Info notes world map
Media Centre > Info notes


Info note No.59

For use of the information media. Not an official record

Global Cryosphere Watch to support needs for weather, climate and water information and services

Geneva, 20 January 2010 (WMO) - The international community is working within the World Meteorological Organization (WMO) towards the establishment of a Global Cryosphere Watch (GCW) to serve societal needs for weather, climate and water and related environmental information and services. At its next quadrennial session in 2011, the World Meteorological Congress – WMO’s supreme governing body – is to consider ways and means of developing and implementing a GCW.

The proposal to create a GCW was initiated by Canada as a legacy of the International Polar Year (IPY) 2007-2008 and welcomed by the quadrennial World Meteorological Congress in 2007.  The aim is to respond to the need for a sustained, robust end-to-end cryosphere observing and monitoring system, not only for polar regions, but also globally. The IPY was an internationally coordinated multidisciplinary scientific undertaking co-sponsored by the WMO and the International Council for Science (ICSU).
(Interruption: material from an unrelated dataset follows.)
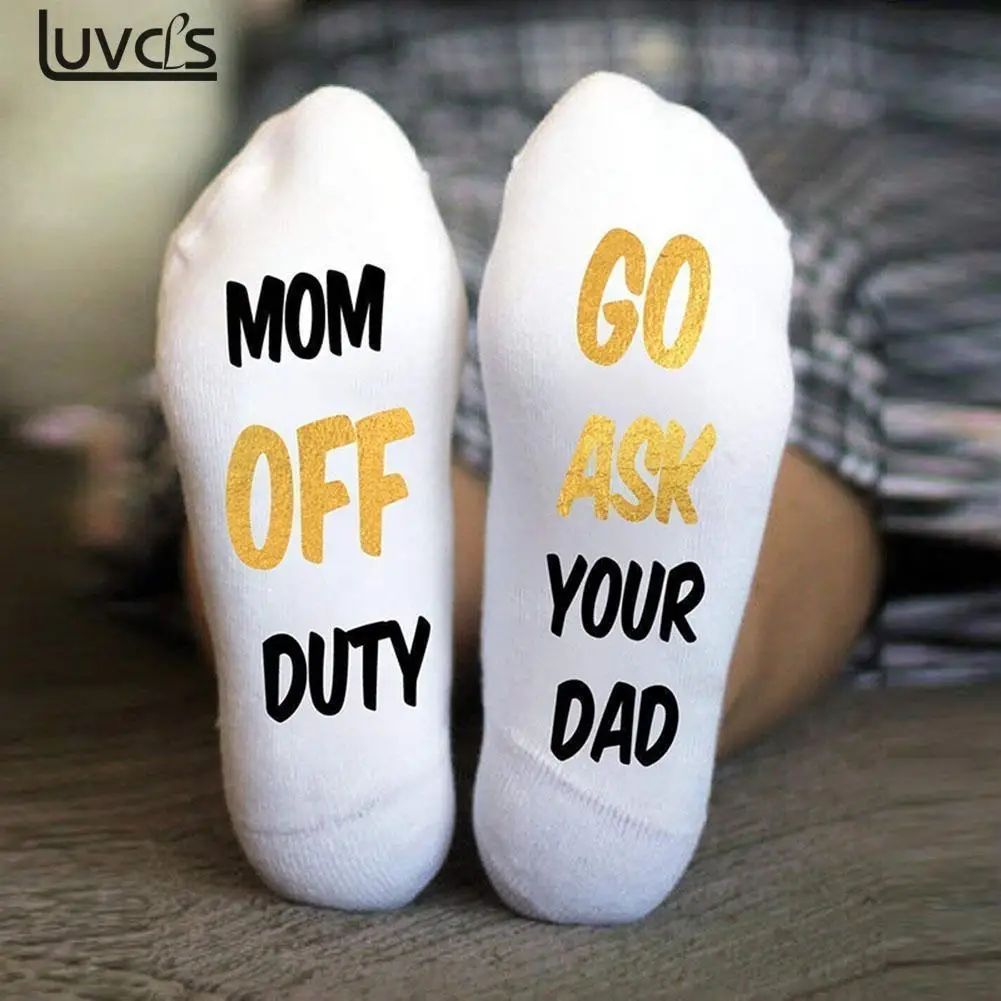 

Unisex Letter Socks Casual Funny Socks Mom Off Duty Go Ask Your Dad Cotton Socks Couple Wear Sock Gift For Lovers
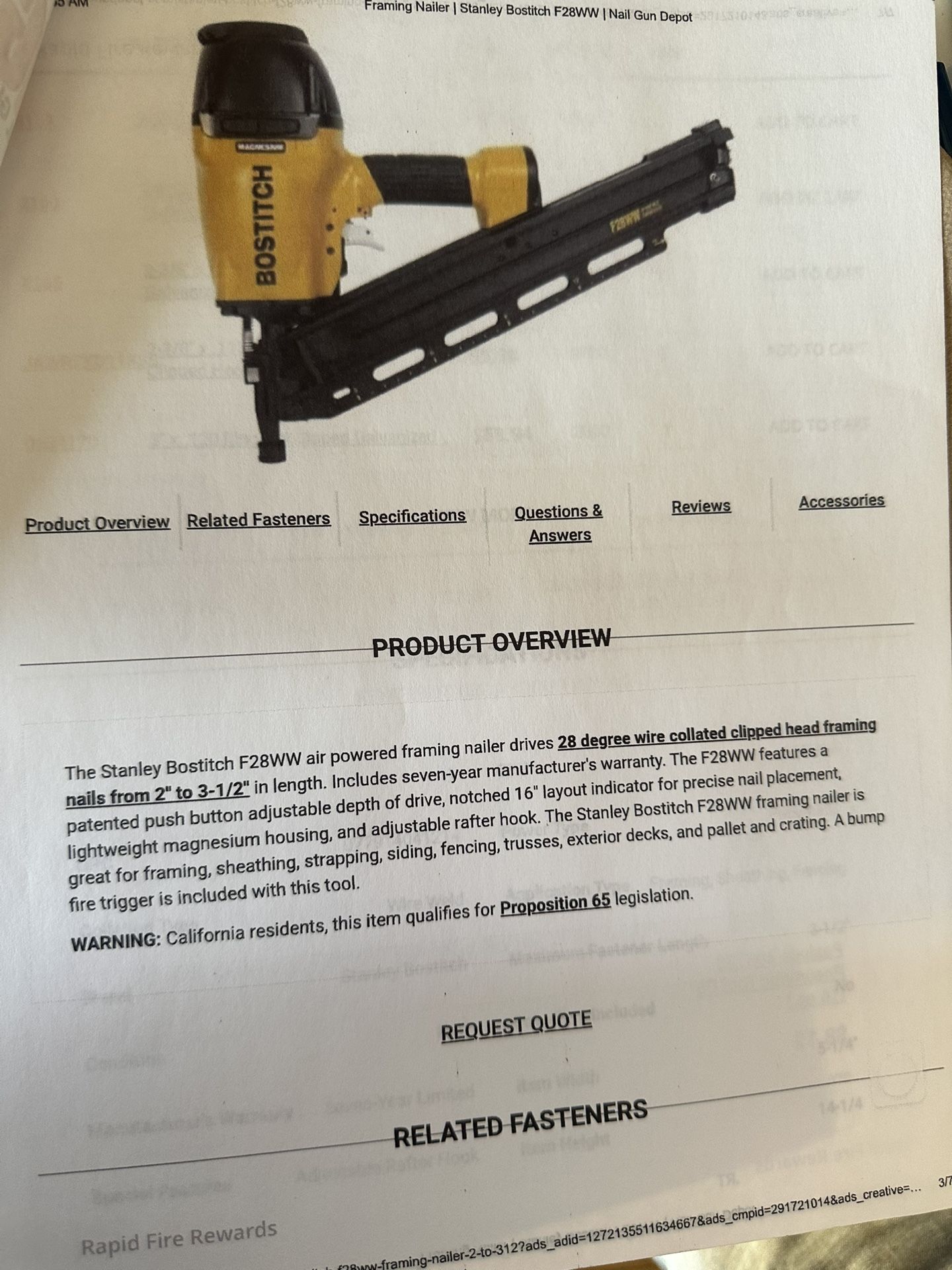 Stanley Botch F 28 WW Air Powered Framing Nailer Nails 2”- 3 1/2”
GCW should enhance the capability of the research community and operational services to predict the future state of the cryosphere and provide quality assured global and regional products on the state of cryosphere. It will facilitate assessments of the cryosphere and its components on regional to global scale to support climate change science, decision making and formulation of environmental policy.  This capability will be instrumental in generating the scientific knowledge which is used, for example, by the UNEP/WMO Intergovernmental Panel on Climate Change (IPCC) for assessing the observed changes of elements of the cryosphere, globally and regionally, and discussing their potential impacts on societies and countries.


The cryosphere collectively describes elements of the Earth System containing water in its frozen state and includes solid precipitation, snow cover, sea ice, lake and river ice, glaciers, ice caps, ice sheets, permafrost, and seasonally frozen ground. The presence of frozen water in the atmosphere, on land, and on the ocean surface affects energy, moisture, gas and particle fluxes; clouds; precipitation; hydrological conditions; and, atmospheric and oceanic circulation. Elements of the cryosphere also contain important records of past climate, providing benchmarks for interpreting modern climate change.

The cryosphere exists on all latitudes of the Earth and occurs in approximately one hundred countries of the world. While the cryosphere is an integrative element within the climate system and provides one of the most useful indicators of climate change, it is arguably the most under-sampled domain in the climate system.

The contribution of the cryosphere to sea-level rise in a changing climate is a critical issue for society. The cryosphere, being frozen water, is an intrinsic part of the global water cycle, for example, impacting water, weather, energy and agriculture. Accurate determination of precipitation, including the solid component, is essential to understanding the global water cycle. Snow- and glacier-melt are critical sources of water for agricultural, domestic and industrial water supply and hydropower production, and directly contribute to flood and drought hazard conditions. Lake-, river- and sea-ice directly affect high latitude transportation and ecosystems, including regional and global transportation routes, regional economic development, and the well-being of northern peoples. Other short and long term hazards directly related to the cryosphere include avalanches, glacier lake outburst floods, subsidence due to thawing permafrost, snowstorms, blizzards, icing, coastal erosion, and of course sea-level rise.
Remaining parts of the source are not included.